To enable Nato and Sirana time to settle into parenting, the hippos remained off show to the public until their home was reopened last week.

The zoo's curator of mammals Lynsey Bugg said: "The calf is looking very strong and he certainly feeds well.

"Like any youngster, he wants to be close to mum at all times and is often seen by her side.

"He spends short periods of time in the water but is not quite as good at swimming as his parents so we often see Sirana guiding her little one back into the shallow water. Young hippos tire easily."

Baby pygmy hippo born at the zoo. Bristol Zoo/PA Wire
Baby pygmy hippo born at the zoo.

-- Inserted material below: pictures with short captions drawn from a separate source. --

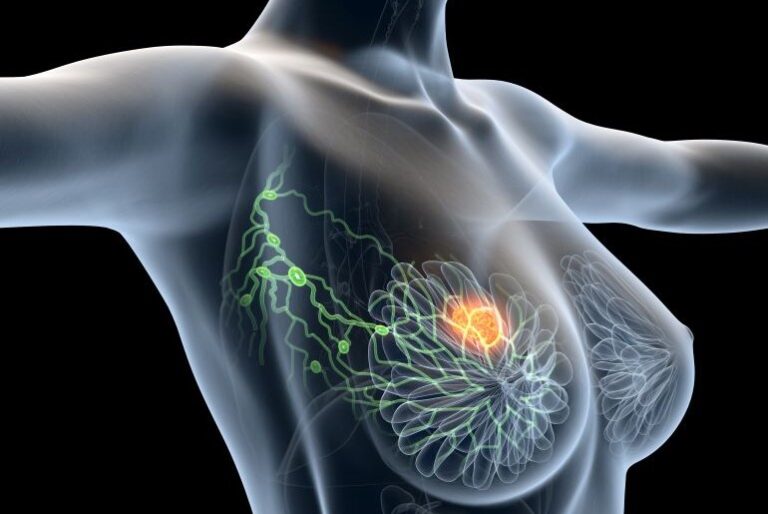 Medizinische 3D-Darstellung des Brustbereichs mit Lymphknoten und Tumor, Fokus auf Brustkrebsdiagnose.
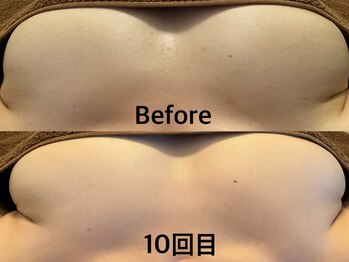 整顔整頭/スタンダードバストケア（10回）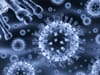 Chez les vaccinés, les maladies, cancers et infections associés au SIDA ont augmenté de façon exponentielle en 2021
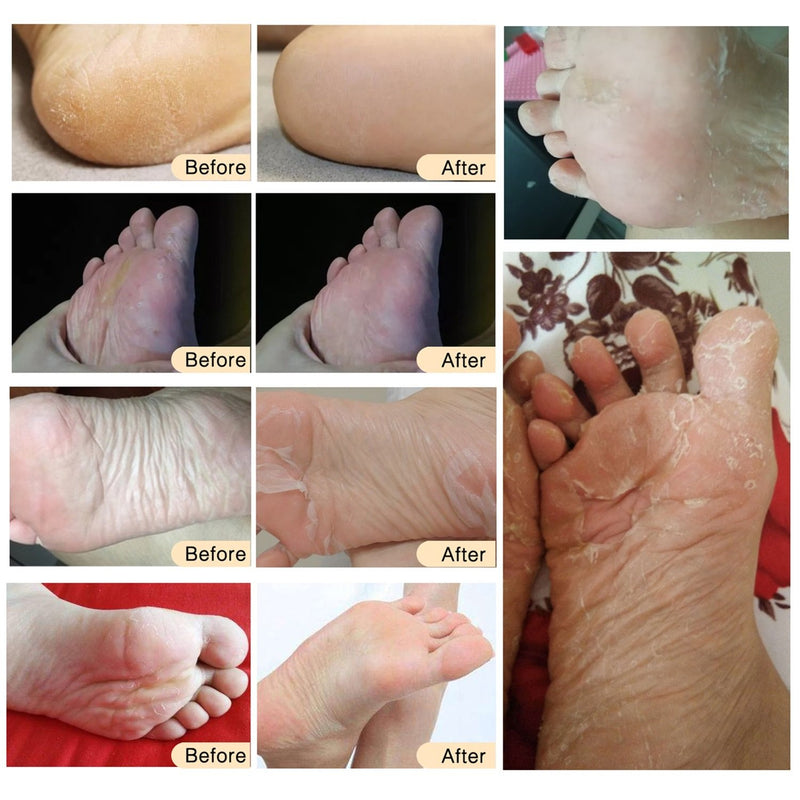 Foot Peel Mask (3 Pack), Exfoliating Foot Peel Mask for Cracked Heels, Dead Skin and Calluses, Repairs Rough Heels(Lavender) - BeesActive Australia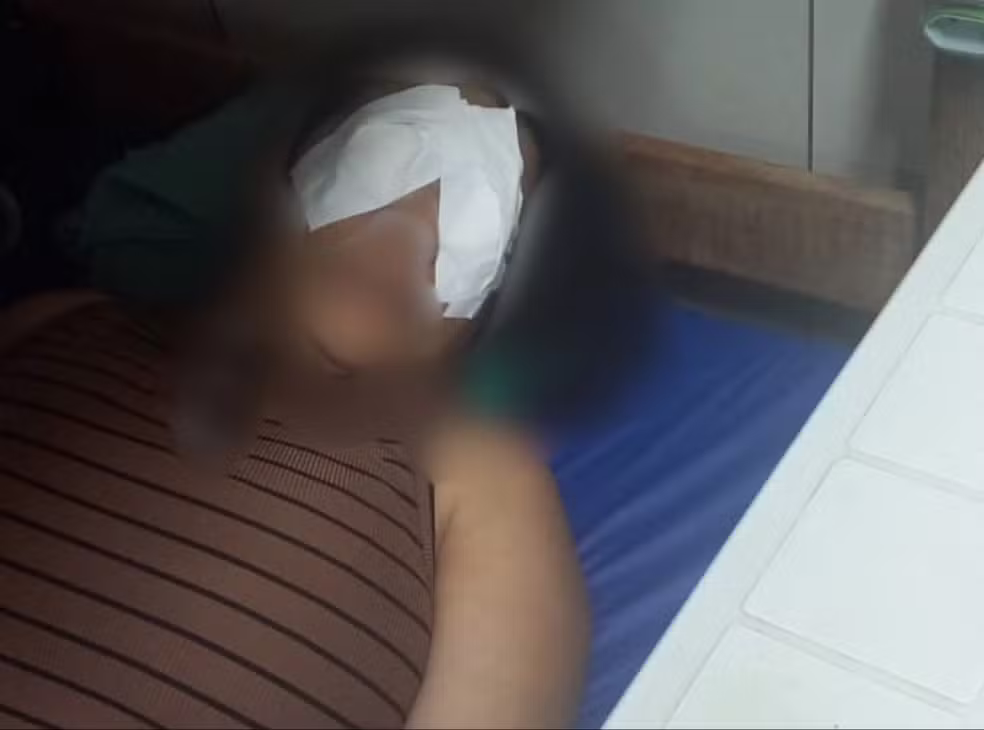 Servidora sofre queimadura na córnea após uso de produto químico no hospital Walfredo Gurgel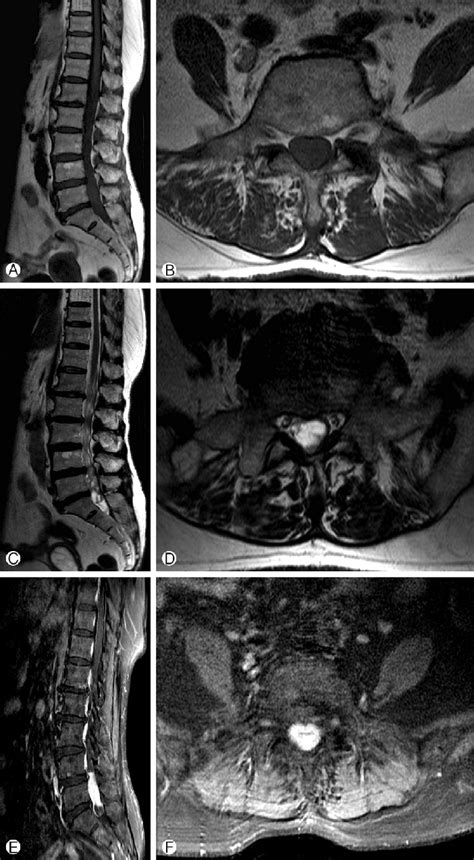 Preoperative Magnetic Resonance Mr Imaging Shows A Low Intensity Mass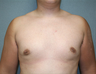 Male Breast Reduction 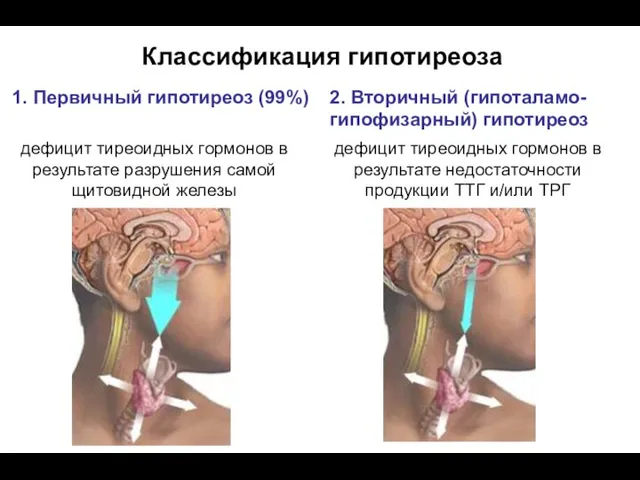 Классификация гипотиреоза 1. Первичный гипотиреоз (99%) 2. Вторичный (гипоталамо-гипофизарный) гипотиреоз дефицит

Bristol Zoo/PA Wire

The pygmy hippo has been assessed as endangered on the IUCN Red List of Threatened Species and there are thought to be less than 2,000 in the wild.

Ms Bugg added: "The European programme is a well-established and very successful programme and our male, Nato, is a genetically important animal; by default, so will be his offspring.

"We're thrilled to welcome a little boy who will follow in his father's footsteps and play a vital role in the future of this species, particularly because fewer male pygmy hippos are born than females."

In the wild, females usually breed once every two years.

A single youngster is born, after a gestation period of about six months. The baby weighs between four and six kilos and is unable to walk very far at first.

Its mother conceals it in thick cover, visiting it to feed it. After three months it is able to feed on vegetation.

Pygmy hippos are, as the name suggests, much smaller than the common hippopotamus, with proportionally longer legs, a smaller head, less prominent eyes and ears more towards the side of the head.

The pygmy hippo's nose and ears can be closed underwater, an adaptation to aquatic life.